REQUIRED ACTION: Although the records contain pictures, none belong in the copy: restate word for word only the lines from the one with "El pasado fin" through the one with "Foto 1 de Casa", both included.

--- TASK DATA Enclosed Below ---

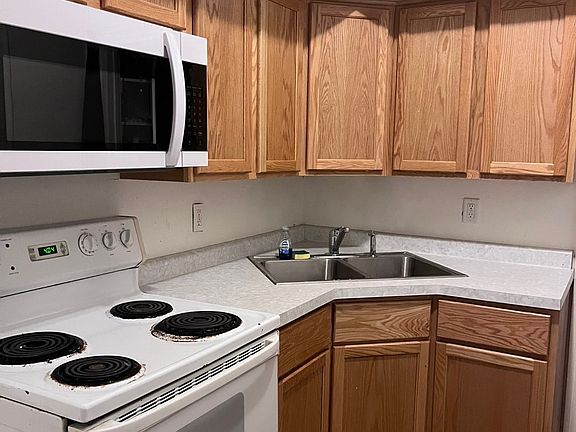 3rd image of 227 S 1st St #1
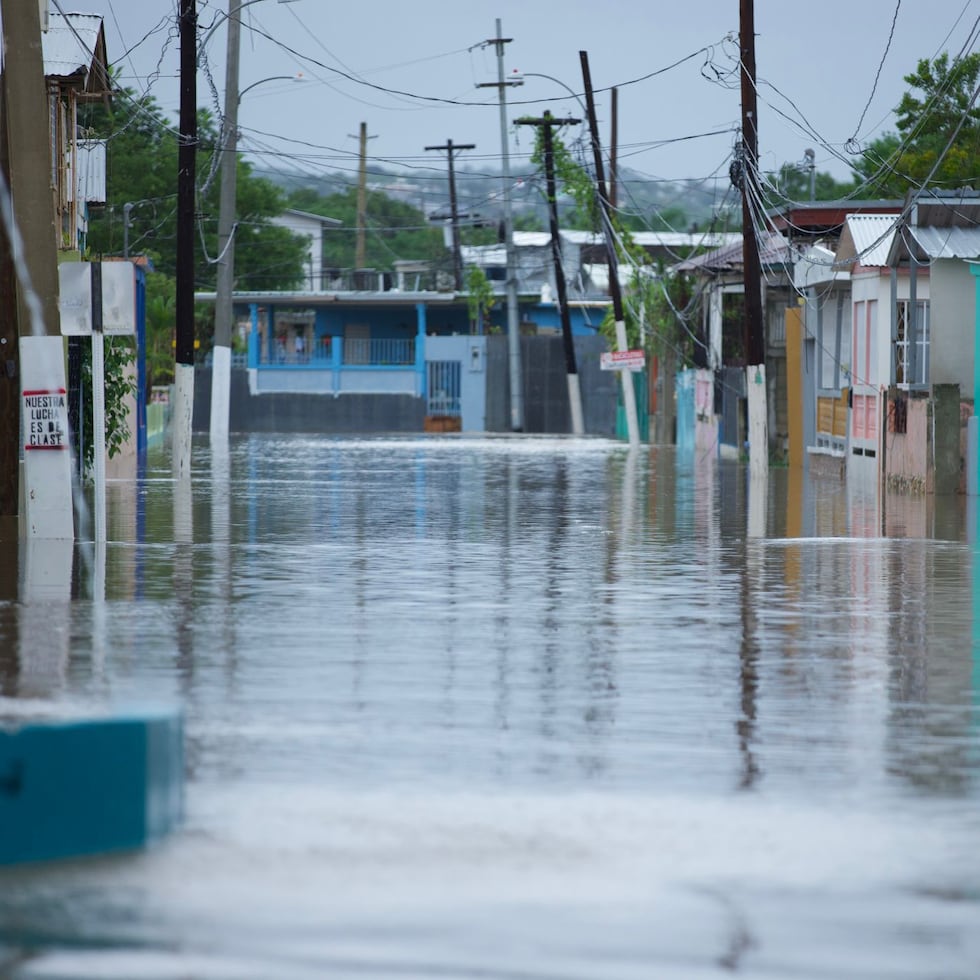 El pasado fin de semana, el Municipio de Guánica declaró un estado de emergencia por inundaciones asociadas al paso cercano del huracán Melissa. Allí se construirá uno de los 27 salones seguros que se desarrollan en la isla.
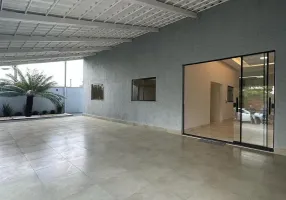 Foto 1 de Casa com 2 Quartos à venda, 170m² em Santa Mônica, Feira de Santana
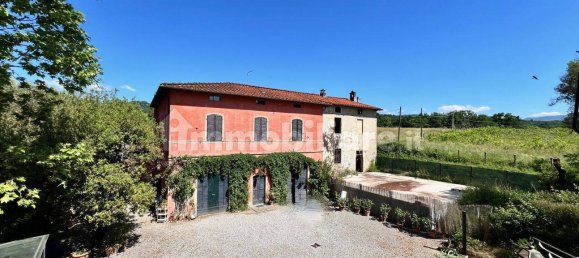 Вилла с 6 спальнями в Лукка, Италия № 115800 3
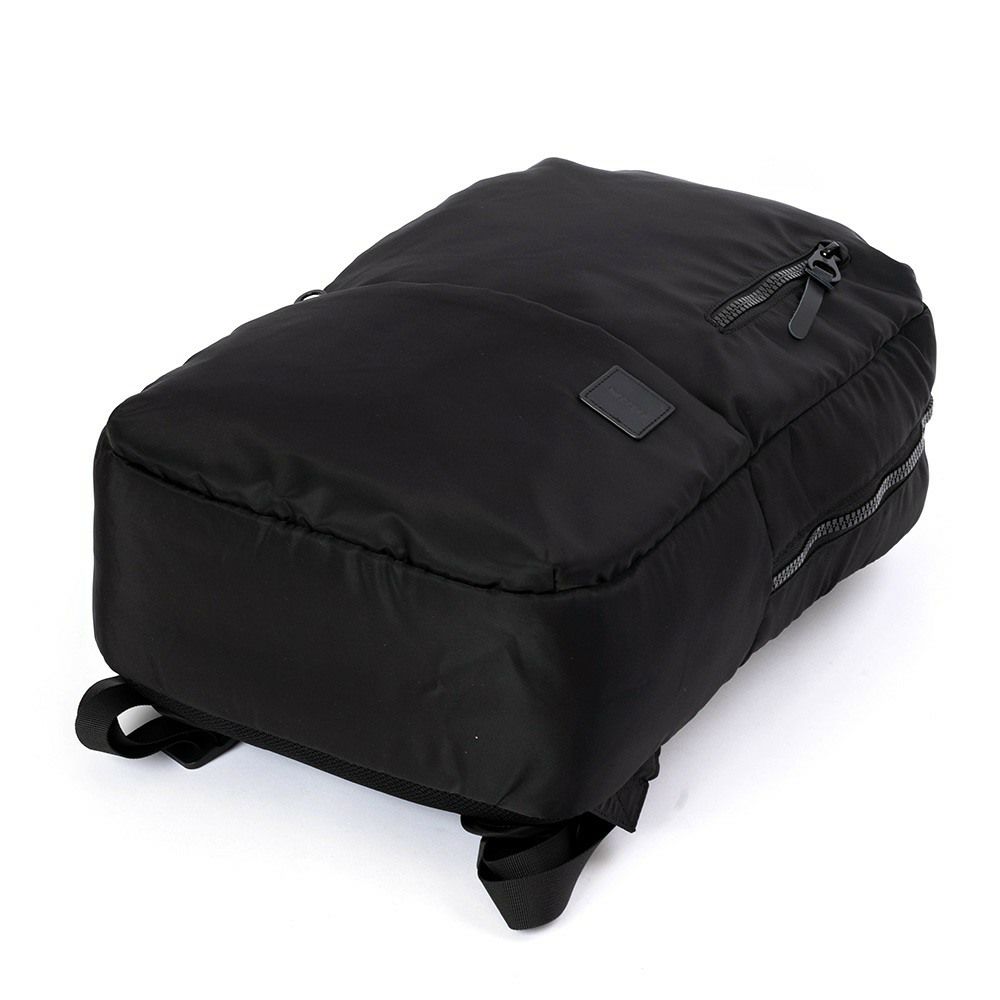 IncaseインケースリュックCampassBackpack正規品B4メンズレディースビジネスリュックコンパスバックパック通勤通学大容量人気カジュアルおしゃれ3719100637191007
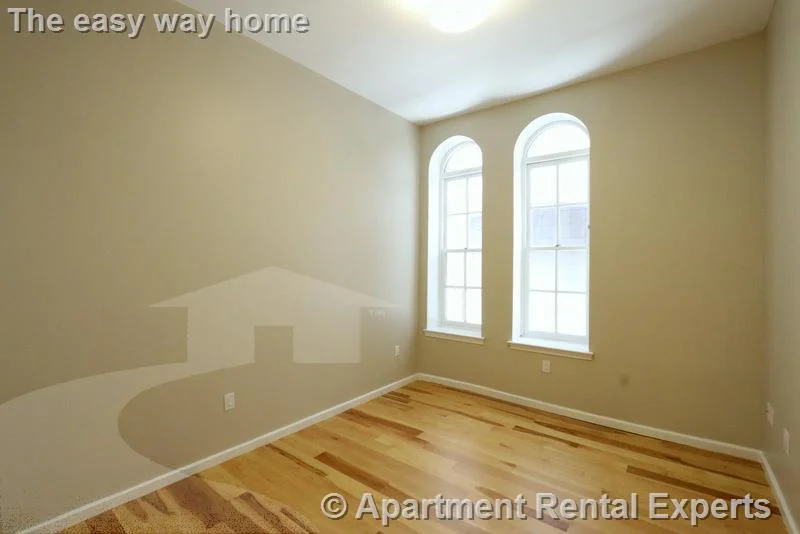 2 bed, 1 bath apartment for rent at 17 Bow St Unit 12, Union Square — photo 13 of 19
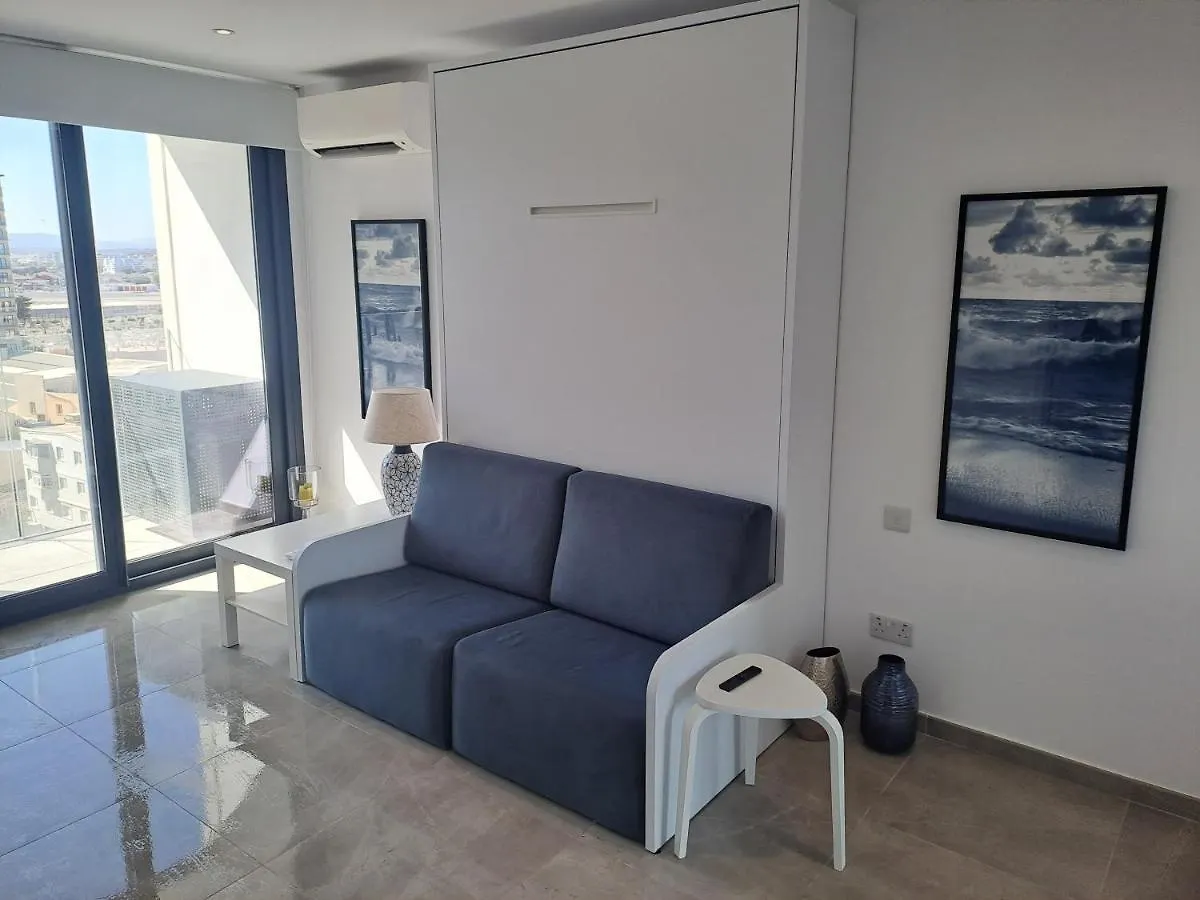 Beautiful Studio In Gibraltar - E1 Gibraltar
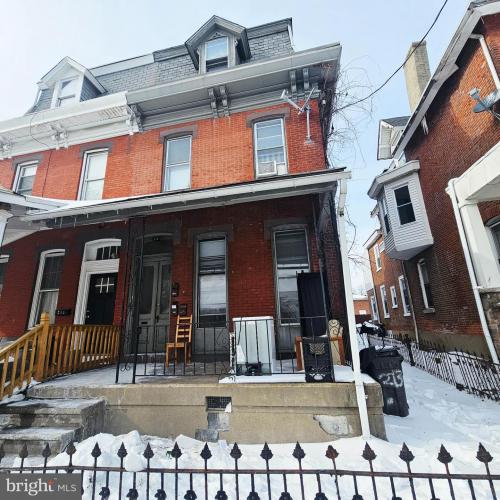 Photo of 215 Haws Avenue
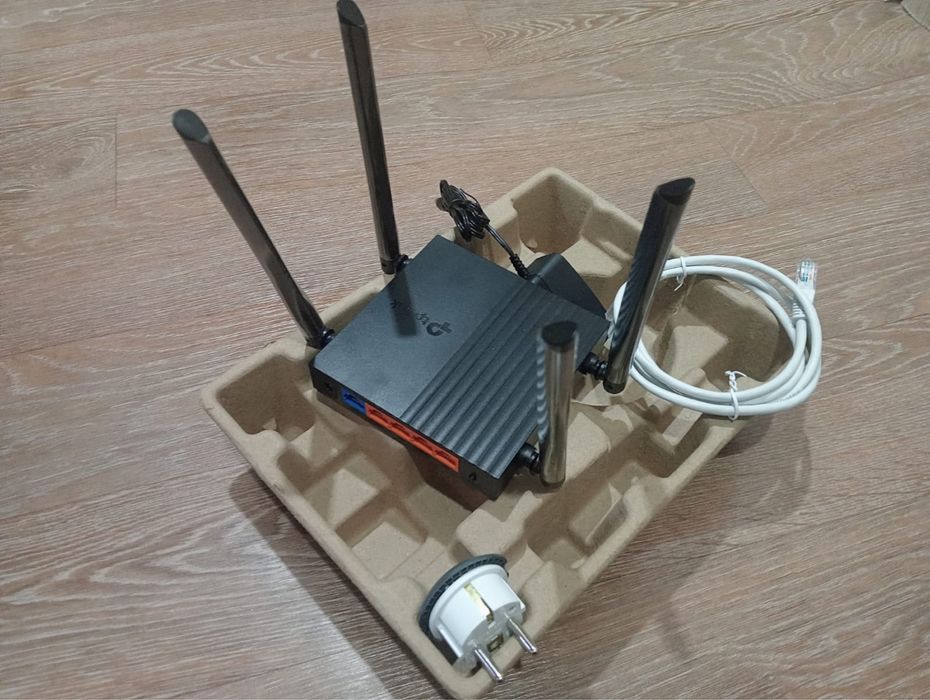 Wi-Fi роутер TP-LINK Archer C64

--- End of Enclosed TASK DATA ---

ANSWER SPACE:
 El pasado fin de semana, el Municipio de Guánica declaró un estado de emergencia por inundaciones asociadas al paso cercano del huracán Melissa. Allí se construirá uno de los 27 salones seguros que se desarrollan en la isla.
 Foto 1 de Casa com 2 Quartos à venda, 170m² em Santa Mônica, Feira de Santana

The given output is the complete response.